My Path to Partnership: Craig Nazzaro

To kick off the new year, Nelson Mullins is featuring newly elected partners in a Q&A throughout the month of January. Join us in celebrating the firm’s newest partners by getting to know them.

Craig Nazzaro serves clients in the banking and financial services, real estate, and technology industries. Formerly of counsel, he joined the firm in 2017.

1. What has been the biggest hurdle you have overcome in your career?

The Financial Crisis of 2008. At the time my practice was heavily focused on representing bank and non-bank mortgage lenders, and about 90% of my clients did not remain solvent past 2010. Staying focused, positive, and driven to find opportunities that allowed me to utilize my skill set while still growing was tough, but I managed to do it. It taught me to just keep moving forward and to make time to find your next opportunities. 

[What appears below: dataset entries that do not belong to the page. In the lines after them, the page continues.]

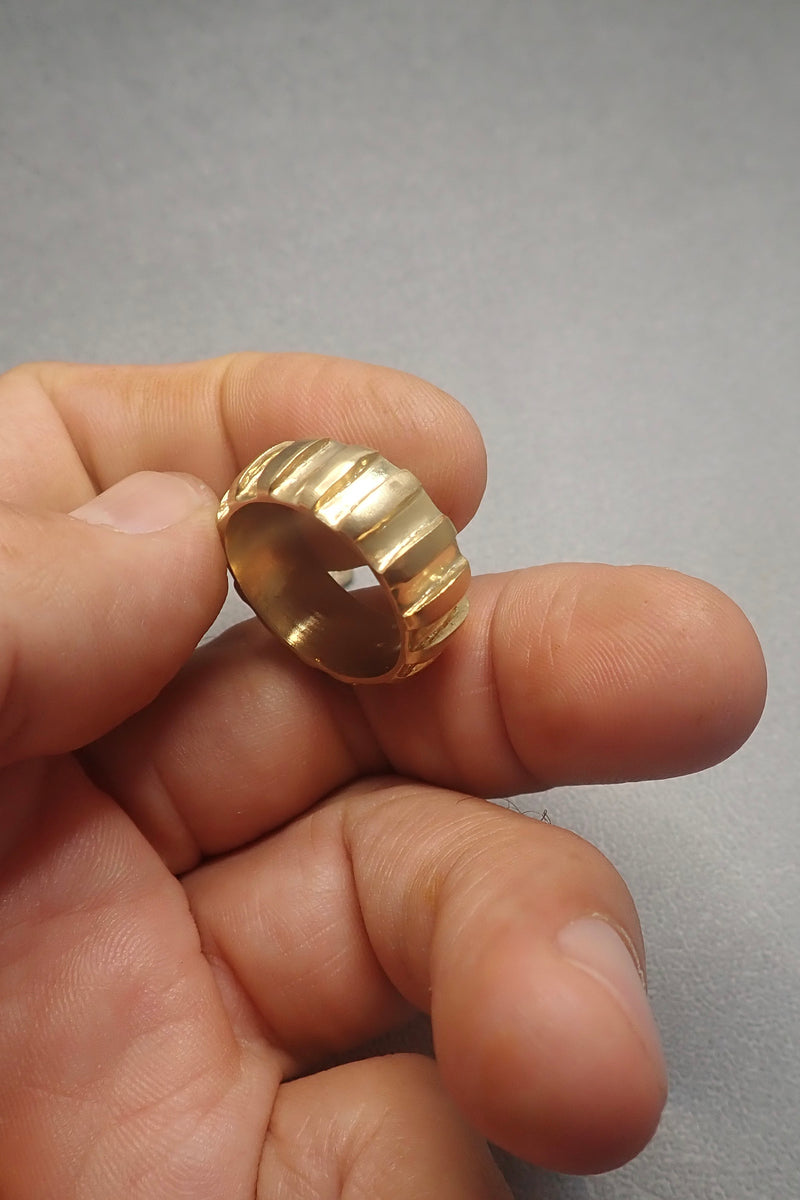 14 K GOLD STRIPES BAND RING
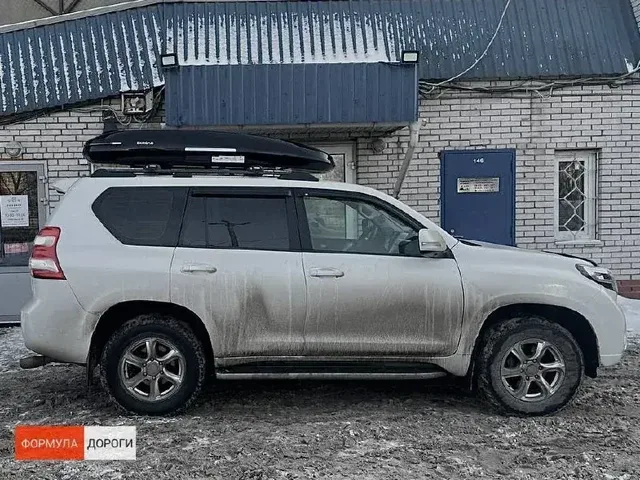 Чёрный автобокс ENROAD Nomadix Pro XL Slim 400 на Toyota Land Cruiser Prado 150 — общий вид автомобиля с установленным автобоксом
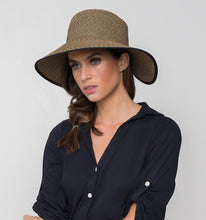 Cargar imagen en el visor de la galería, Model Front: Uv Line Chapeau Souple/Capeline Hat Santorini Imp Fem Mescla Upf50+
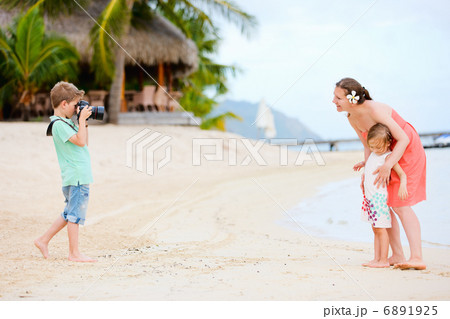 Family at beach 6891925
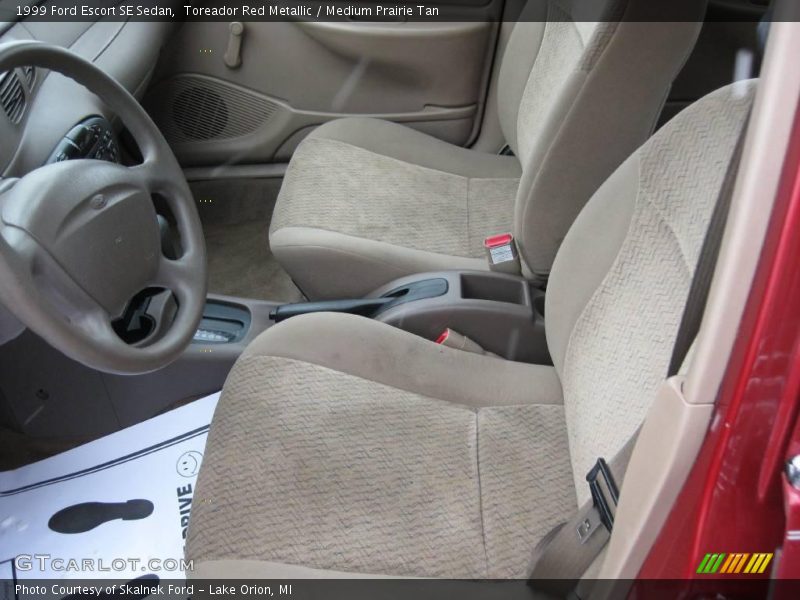 Toreador Red Metallic / Medium Prairie Tan 1999 Ford Escort SE Sedan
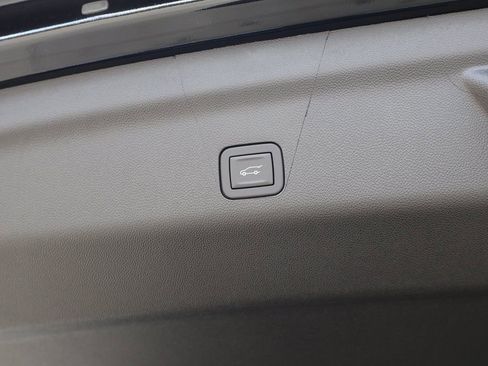 New 2026 Chevrolet Tahoe Premier image 34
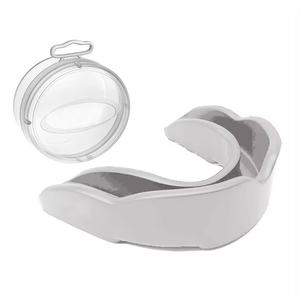 Protector bucal deportivo cómodo Unisex Protector de dientes transpirable con estuche de plástico Protector bucal de seguridad para otros deportes - Product Image 3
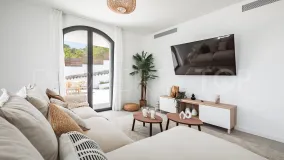 For sale El Madroñal villa with 5 bedrooms
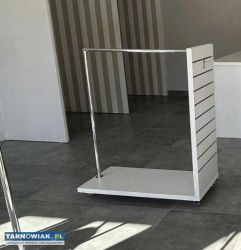 Wyposażenie sklepu odzieżowego - Obrazek 1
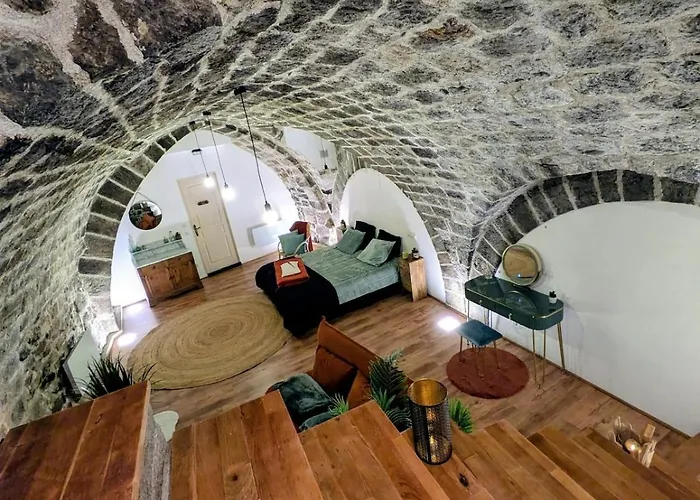 La Ou Murmurent Les Pierres *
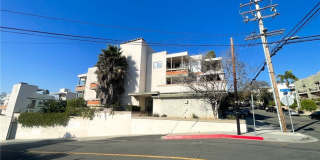 2575 E 19th Street Gallery 11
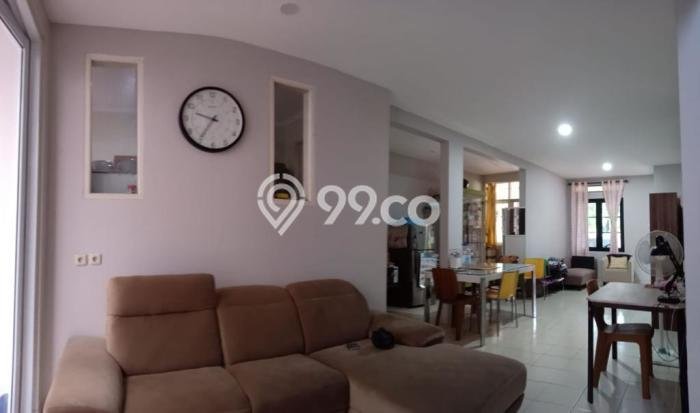 Dijual Hunian Rumah Terawat 4 Kamar di Kota Wisata, Jakarta Timur Dijual Hunian Rumah Terawat 4 Kamar di Kota Wisata, Jakarta Timur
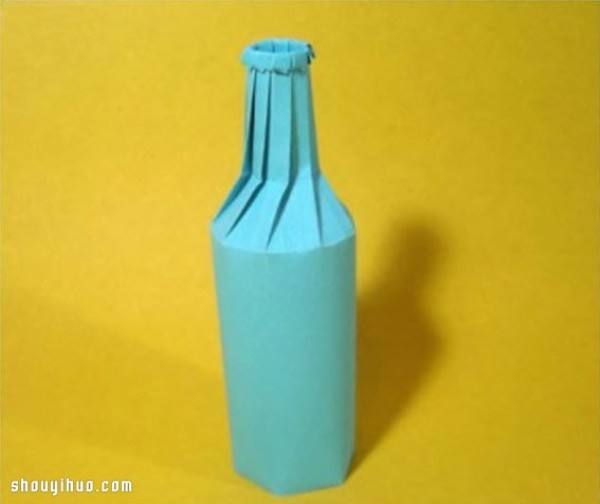 Illustrated tutorial on how to fold origami three-dimensional wine bottles and vases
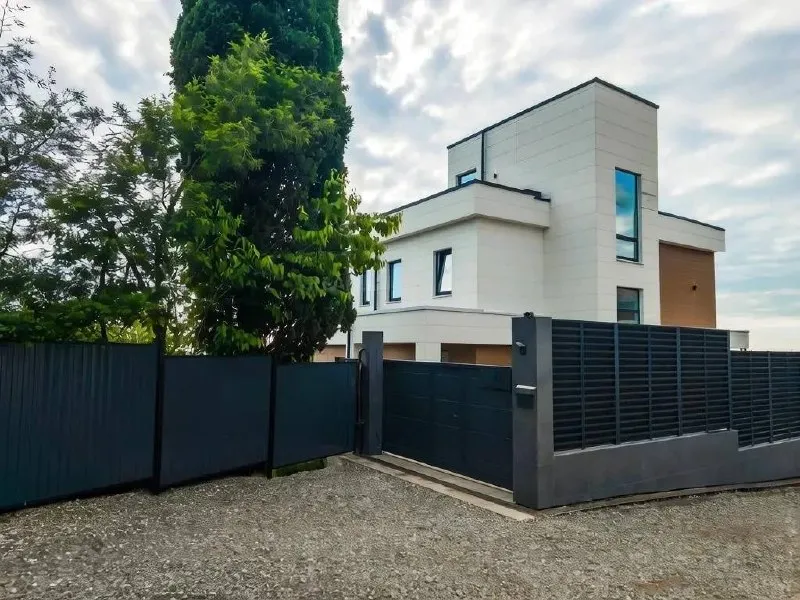 Дом 225.4 м² · Верхневесёлое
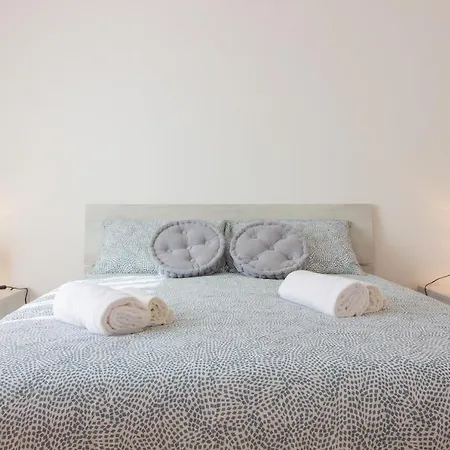 Apartmán Homealgherothree-room 6 Beds *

2. Describe how you feel now about your career now that you’ve made partner.

I had a nontraditional path to partnership: Over the past 17 years, I have worked at small local firms, then moved in-house with a large bank in New York, then back to private practice with Nelson Mullins in Atlanta. I would say this has validated the employment choices I have made through the years, and it's also nice to see the progress formally documented.   

3. What are your key components to being successful in your career?

Finding work that is interesting to me as well as finding teammates that I enjoy working with and whom I can learn from on a daily basis. I have found all of these components here at Nelson Mullins, which to me will ensure a successful career.  

4. Who had the greatest influence in your career that helped drive you to partnership?

My father. He worked in banking and financial services for his entire career, and he is clearly the reason my practice has the focus it does today. While he was on the operations side of financial services, he always shared his insight and perspective gained over the years that I continue to use on the legal side to this day. It has provided me an understanding of the industry that is beyond my years. We also have the same name, so I run into his former colleagues through email from time to time who think they worked with me in the 80s.   

5. What’s the best piece of advice you could give an associate who wants to make partner?

Find work that is interesting to you and don’t just look at the projects as tasks in a silo. Take the time to learn your client's entire business — not just the pieces you work on — it’s the only way to continually add value for your client, and it’s the best way to ensure they are always expanding the relationship and relying on you as an essential part of their team.